The Evolution of Web Scraping: From LWP::Simple to Headless Browsers
Web scraping has evolved from simple one-liners that fetched static HTML into a cat-and-mouse game involving headless browsers, fingerprint evasion, and infrastructure that scales like a distributed system. This article traces that evolution, covers the techniques that matter today, and walks through a fully working Snapchat Discover crawler that extracts post metadata while behaving like a real user.
Introduction
Every data engineer, security researcher, and intelligence analyst has at some point needed data that lives behind a web page. The practice of extracting that data programmatically — web scraping — is as old as the web itself. What started as fetching a URL and parsing its HTML has grown into a discipline with its own tools, countermeasures, and engineering challenges.

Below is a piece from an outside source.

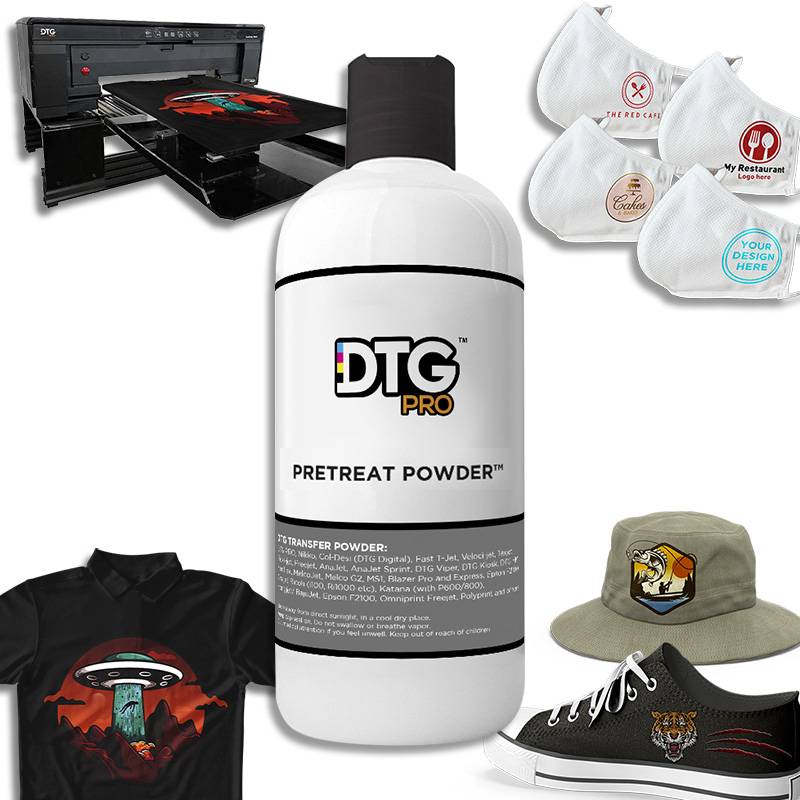 DTF Transfer Powder - WHITE - DTF Adhesive Powder / PreTreat Powder for use with all DTF Printers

At Hunt-Benito, scraping is one of our core competencies. We’ve built crawlers for OSINT collection, price monitoring, competitive intelligence, and security assessment. Over the years the landscape has changed dramatically — and it’s worth understanding both where we came from and where we are now, because the techniques you need depend entirely on what you’re scraping and who’s trying to stop you.
Part 1: Historical Evolution
The Early Web (1993–2000): “Just Fetch the HTML”
The first search engines were crawlers. In 1993, Matthew Gray’s Wandex and JumpStation were among the earliest bots that systematically fetched web pages and indexed them. These were trivially simple — open a TCP socket, send an HTTP GET request, read the response, extract links, repeat.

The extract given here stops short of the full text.